→ **Available data**:
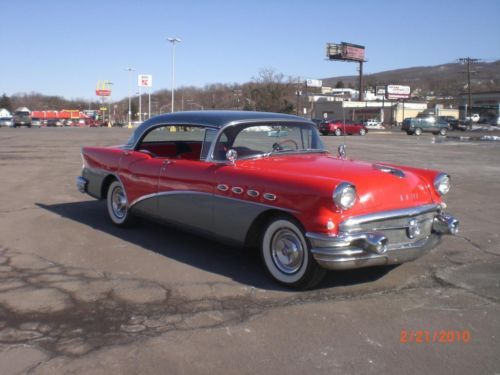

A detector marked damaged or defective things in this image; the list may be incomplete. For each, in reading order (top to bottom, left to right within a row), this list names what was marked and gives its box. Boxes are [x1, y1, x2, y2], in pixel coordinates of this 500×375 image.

crack in asphalt [0, 245, 498, 362]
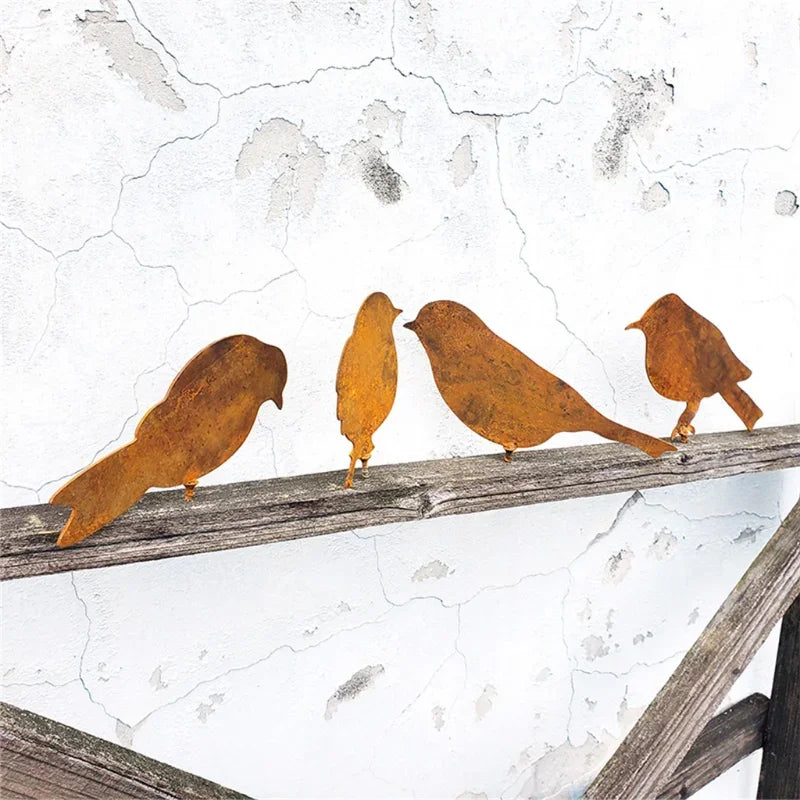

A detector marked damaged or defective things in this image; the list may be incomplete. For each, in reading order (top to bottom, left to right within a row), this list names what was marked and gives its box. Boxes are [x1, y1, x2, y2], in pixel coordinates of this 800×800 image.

rusty metal bird [50, 334, 288, 548]
rusty metal bird [336, 294, 404, 488]
rusty metal bird [406, 298, 676, 462]
rusty metal bird [624, 294, 764, 444]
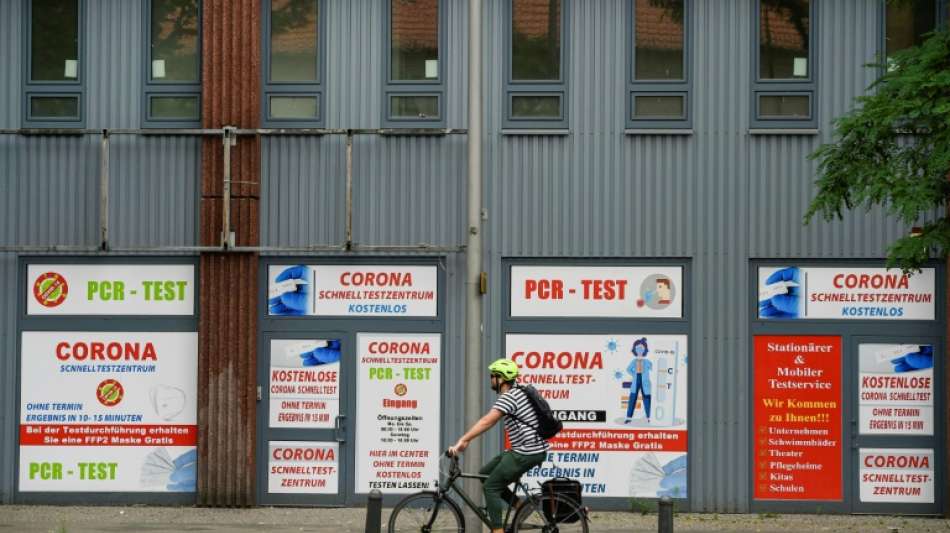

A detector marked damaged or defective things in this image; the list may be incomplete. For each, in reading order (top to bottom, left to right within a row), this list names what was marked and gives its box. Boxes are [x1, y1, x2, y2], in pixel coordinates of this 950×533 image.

rust stain on wall [199, 0, 262, 504]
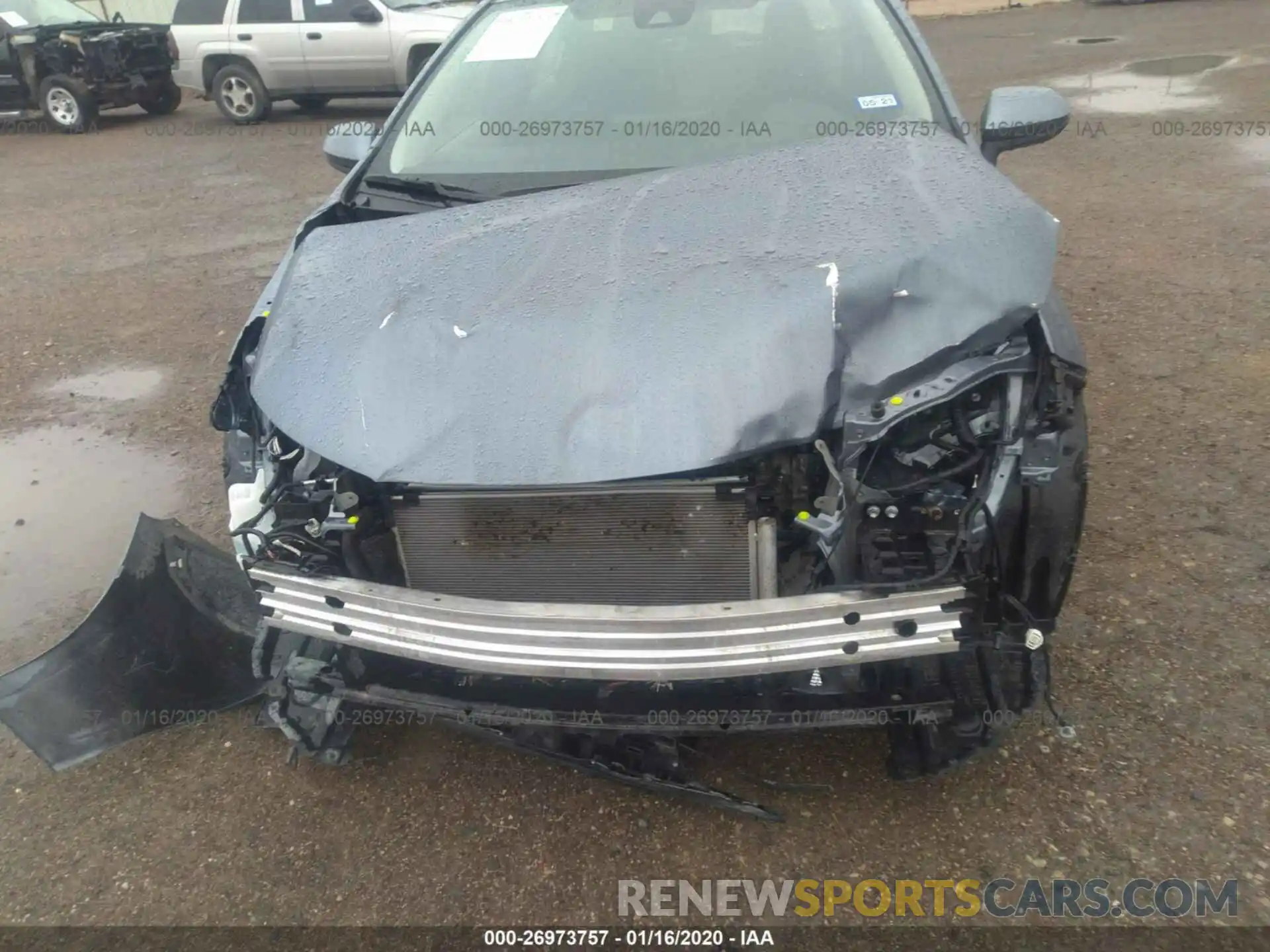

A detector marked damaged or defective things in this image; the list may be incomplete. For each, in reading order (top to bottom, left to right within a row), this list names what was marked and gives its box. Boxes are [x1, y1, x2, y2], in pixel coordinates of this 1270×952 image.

damaged gray car [0, 0, 180, 132]
damaged gray car [2, 0, 1092, 822]
crumpled hood [250, 131, 1062, 487]
crumpled front fender [0, 518, 265, 772]
detached black bumper cover [0, 518, 265, 772]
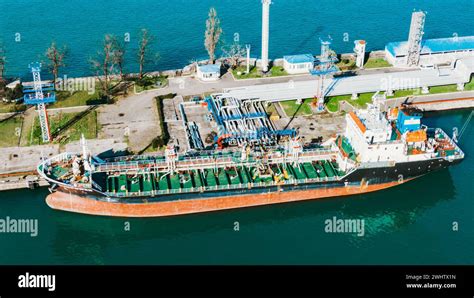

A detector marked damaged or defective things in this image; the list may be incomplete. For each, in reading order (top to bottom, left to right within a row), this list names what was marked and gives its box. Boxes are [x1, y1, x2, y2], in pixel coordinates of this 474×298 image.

→ **Instructions to follow**:
Reproduce the material above verbatim; omit every picture.

→ **Solution to this exercise**:
A detector marked damaged or defective things in this image; the list may be incomplete. For each, in reading order (top to bottom, left to right within a row), this list names what was marked and gives its box. Boxes are [x1, y1, x2, y2], in pixel coordinates of this 500×375 image.

crack in asphalt [0, 245, 498, 362]

A detector marked damaged or defective things in this image; the list may be incomplete. For each, in reading order (top to bottom, left to right within a row), this list names what was marked and gives its box. Boxes are [x1, y1, x2, y2], in pixel coordinates of this 800×800 image.

rusty metal bird [50, 334, 288, 548]
rusty metal bird [336, 294, 404, 488]
rusty metal bird [406, 298, 676, 462]
rusty metal bird [624, 294, 764, 444]

A detector marked damaged or defective things in this image; the list may be incomplete. For each, in reading order (top to bottom, left to right within a row), this list names what was marked and gives its box. Boxes are [x1, y1, x2, y2], in pixel coordinates of this 950×533 image.

rust stain on wall [199, 0, 262, 504]

A detector marked damaged or defective things in this image; the list may be incomplete. For each, in reading order (top to bottom, left to right within a row), this list names what was marked and gives its box. Boxes are [x1, y1, x2, y2], in pixel coordinates of this 1270×952 image.

damaged gray car [0, 0, 180, 132]
damaged gray car [2, 0, 1092, 822]
crumpled hood [250, 131, 1062, 487]
crumpled front fender [0, 518, 265, 772]
detached black bumper cover [0, 518, 265, 772]

A detector marked damaged or defective things in this image; the list may be incomplete. For each, in reading order (top to bottom, left to right within a row), this list names what was marked and gives its box. Boxes are [x1, y1, x2, y2], in pixel coordinates of this 474×298 image.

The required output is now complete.